Using the following boost::asio code I run a loop of 1M sequential http calls to a Docker node.js simple http service that generates random numbers, but after a few thousand calls I start getting async_connect errors. The node.js part is not producing any errors and I believe it works OK.
To avoid resolving the host in every call and trying to speed-up, I am caching the endpoint, which makes no difference, I have tested both ways.
Can anyone see what is wrong with my code below? Are there any best practices for a stress-test tool using asio that I am missing?

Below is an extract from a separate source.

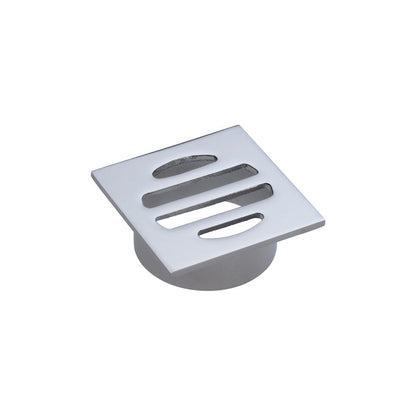 Square Floor Waste Round Grate 50mm Chrome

//------------------------------------------------------------------------------
// https://www.boost.org/doc/libs/1_70_0/libs/beast/doc/html/beast/using_io/timeouts.html
HttpResponse HttpClientAsyncBase::_http(HttpRequest&& req)
{
using namespace boost::beast;
namespace net = boost::asio;
using tcp = net::ip::tcp;
HttpResponse res;
req.prepare_payload();
boost::beast::error_code ec = {};
const HOST_INFO host = resolve(req.host(), req.port, req.resolve);
net::io_context m_io;
boost::asio::spawn(m_io, [&](boost::asio::yield_context yield)
{
size_t retries = 0;
tcp_stream stream(m_io);
if (req.timeout_seconds == 0) get_lowest_layer(stream).expires_never();
else get_lowest_layer(stream).expires_after(std::chrono::seconds(req.timeout_seconds));
get_lowest_layer(stream).async_connect(host, yield[ec]);
if (ec) return;
http::async_write(stream, req, yield[ec]);
if (ec)
{
stream.close();
return;
}
flat_buffer buffer;
http::async_read(stream, buffer, res, yield[ec]);
stream.close();
});
m_io.run();
if (ec)
throw boost::system::system_error(ec);
return std::move(res);
}
I have tried both sync/async implementations of a boost http client and I get the exact same problem.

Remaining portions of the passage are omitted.